TASK TO COMPLETE:
Your answer must be a word-for-word copy of the listing below, minus its pictures.

DATA BLOCK:
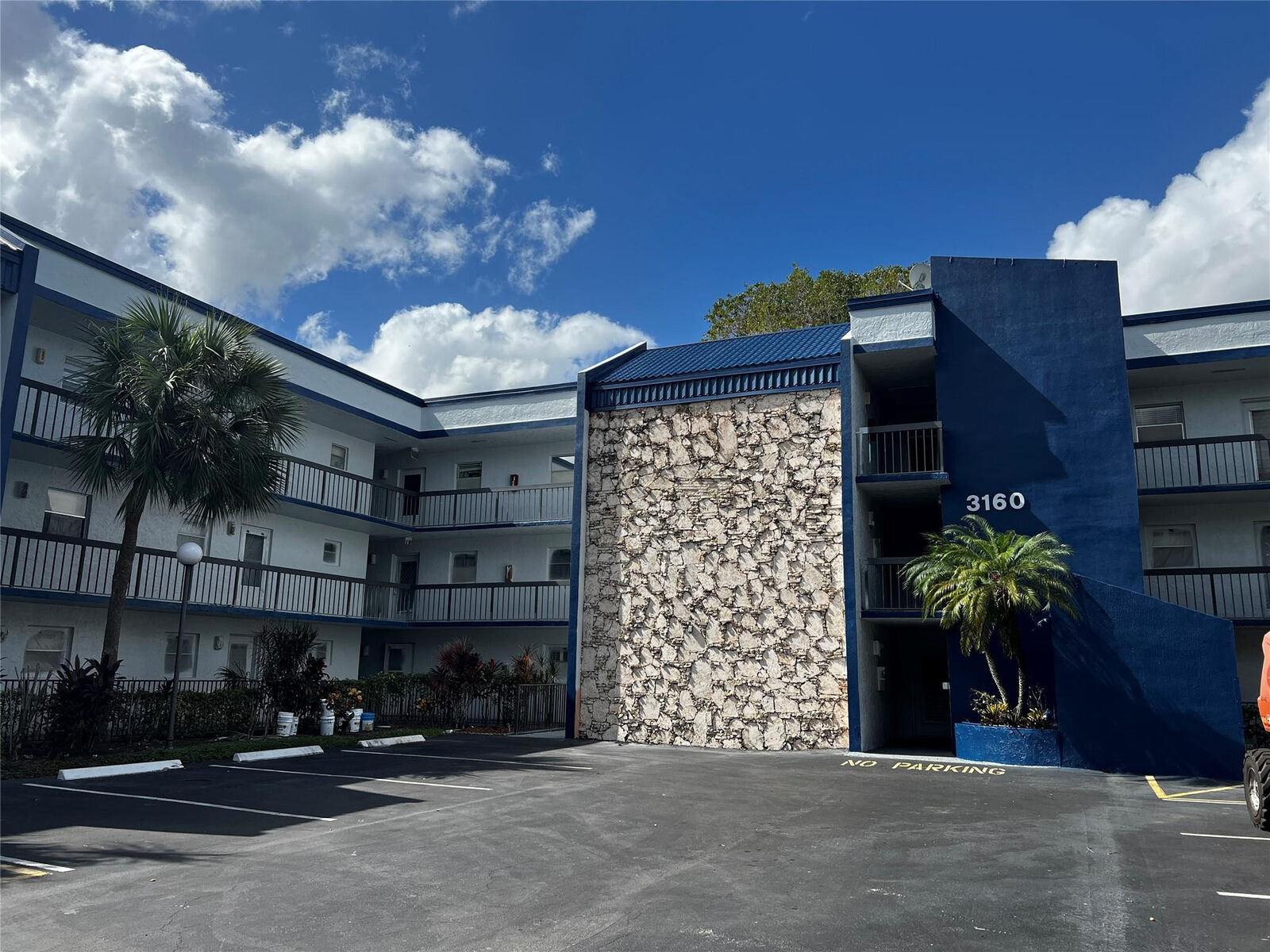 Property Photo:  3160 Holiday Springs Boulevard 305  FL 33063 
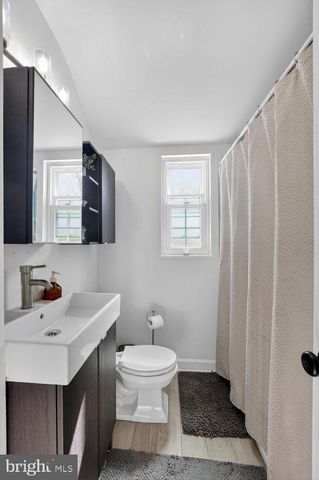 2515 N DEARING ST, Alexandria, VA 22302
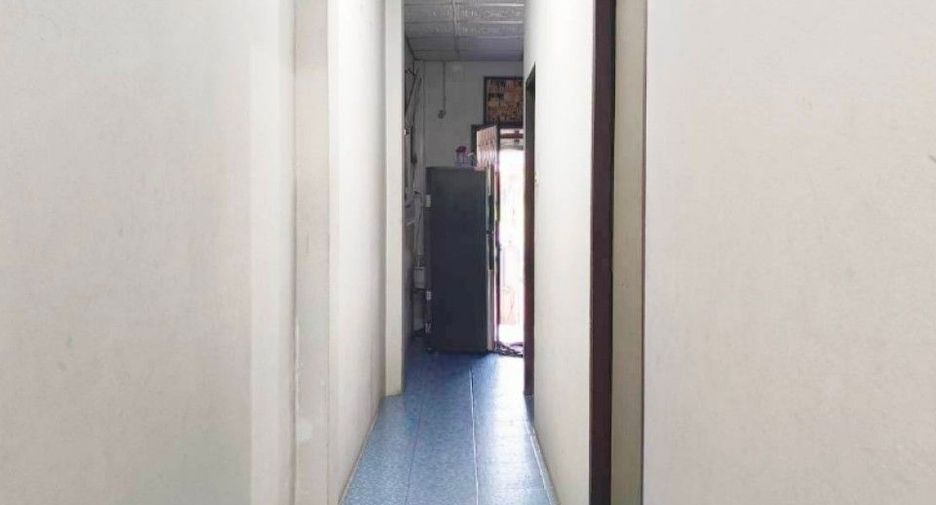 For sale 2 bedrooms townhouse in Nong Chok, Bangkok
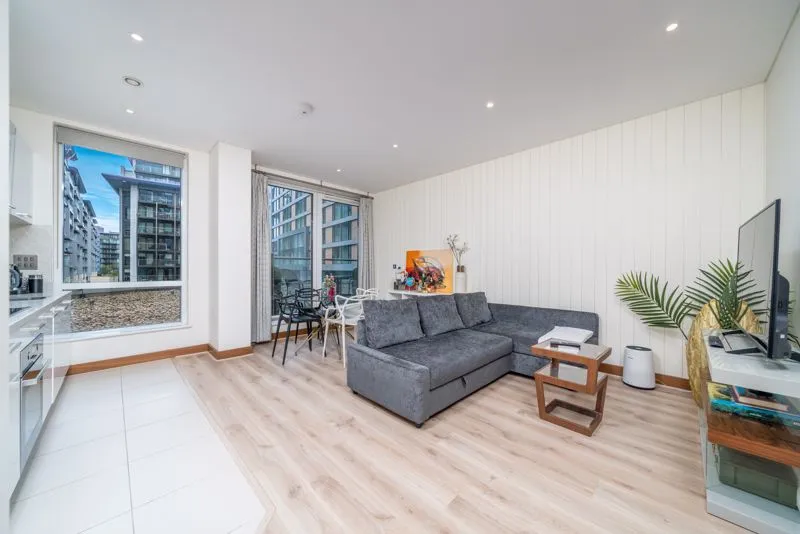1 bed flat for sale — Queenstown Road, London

RESPONSE AREA:
 Property Photo:  3160 Holiday Springs Boulevard 305  FL 33063 
 2515 N DEARING ST, Alexandria, VA 22302
 For sale 2 bedrooms townhouse in Nong Chok, Bangkok
1 bed flat for sale — Queenstown Road, London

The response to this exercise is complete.